## Your instructions
Read the records below and copy each line that contains "from".

━━━ Records for this exercise

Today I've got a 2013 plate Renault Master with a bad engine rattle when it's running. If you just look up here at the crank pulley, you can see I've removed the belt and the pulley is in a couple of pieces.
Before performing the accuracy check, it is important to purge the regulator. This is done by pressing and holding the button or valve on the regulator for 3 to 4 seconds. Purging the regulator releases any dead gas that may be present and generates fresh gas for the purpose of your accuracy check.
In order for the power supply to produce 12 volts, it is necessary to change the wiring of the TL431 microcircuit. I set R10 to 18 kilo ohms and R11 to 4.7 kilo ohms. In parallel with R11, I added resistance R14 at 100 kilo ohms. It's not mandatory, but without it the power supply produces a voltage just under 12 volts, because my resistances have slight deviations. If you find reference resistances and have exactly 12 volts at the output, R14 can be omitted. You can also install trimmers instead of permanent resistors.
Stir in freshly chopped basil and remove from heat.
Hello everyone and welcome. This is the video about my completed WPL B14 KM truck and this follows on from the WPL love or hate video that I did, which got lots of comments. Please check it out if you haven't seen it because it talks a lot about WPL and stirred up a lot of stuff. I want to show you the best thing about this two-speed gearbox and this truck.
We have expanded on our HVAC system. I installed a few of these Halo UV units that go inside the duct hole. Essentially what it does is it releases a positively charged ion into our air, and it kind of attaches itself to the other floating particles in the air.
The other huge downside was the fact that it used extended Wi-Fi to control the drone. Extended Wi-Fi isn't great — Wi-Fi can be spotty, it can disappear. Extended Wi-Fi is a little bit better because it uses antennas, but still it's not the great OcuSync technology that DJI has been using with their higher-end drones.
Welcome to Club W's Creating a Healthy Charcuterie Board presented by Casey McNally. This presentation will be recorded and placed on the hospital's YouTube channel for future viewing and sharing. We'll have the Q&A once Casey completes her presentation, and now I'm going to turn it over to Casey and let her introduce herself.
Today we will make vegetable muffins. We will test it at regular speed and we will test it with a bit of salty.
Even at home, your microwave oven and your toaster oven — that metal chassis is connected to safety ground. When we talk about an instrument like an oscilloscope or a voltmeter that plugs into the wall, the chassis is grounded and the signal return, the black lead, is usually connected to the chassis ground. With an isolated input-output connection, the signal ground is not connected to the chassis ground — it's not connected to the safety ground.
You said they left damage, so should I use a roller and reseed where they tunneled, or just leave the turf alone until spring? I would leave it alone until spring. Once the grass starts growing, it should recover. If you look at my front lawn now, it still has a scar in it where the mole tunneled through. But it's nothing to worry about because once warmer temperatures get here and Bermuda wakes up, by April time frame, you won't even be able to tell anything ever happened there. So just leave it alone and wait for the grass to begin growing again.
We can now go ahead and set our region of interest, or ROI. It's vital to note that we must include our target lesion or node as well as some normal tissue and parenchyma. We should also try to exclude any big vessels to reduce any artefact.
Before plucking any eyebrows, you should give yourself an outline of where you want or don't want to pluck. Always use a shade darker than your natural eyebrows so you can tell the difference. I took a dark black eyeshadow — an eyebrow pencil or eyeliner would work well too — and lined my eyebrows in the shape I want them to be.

━━━━━━

## Completed exercise
Stir in freshly chopped basil and remove from heat.
Hello everyone and welcome. This is the video about my completed WPL B14 KM truck and this follows on from the WPL love or hate video that I did, which got lots of comments. Please check it out if you haven't seen it because it talks a lot about WPL and stirred up a lot of stuff. I want to show you the best thing about this two-speed gearbox and this truck.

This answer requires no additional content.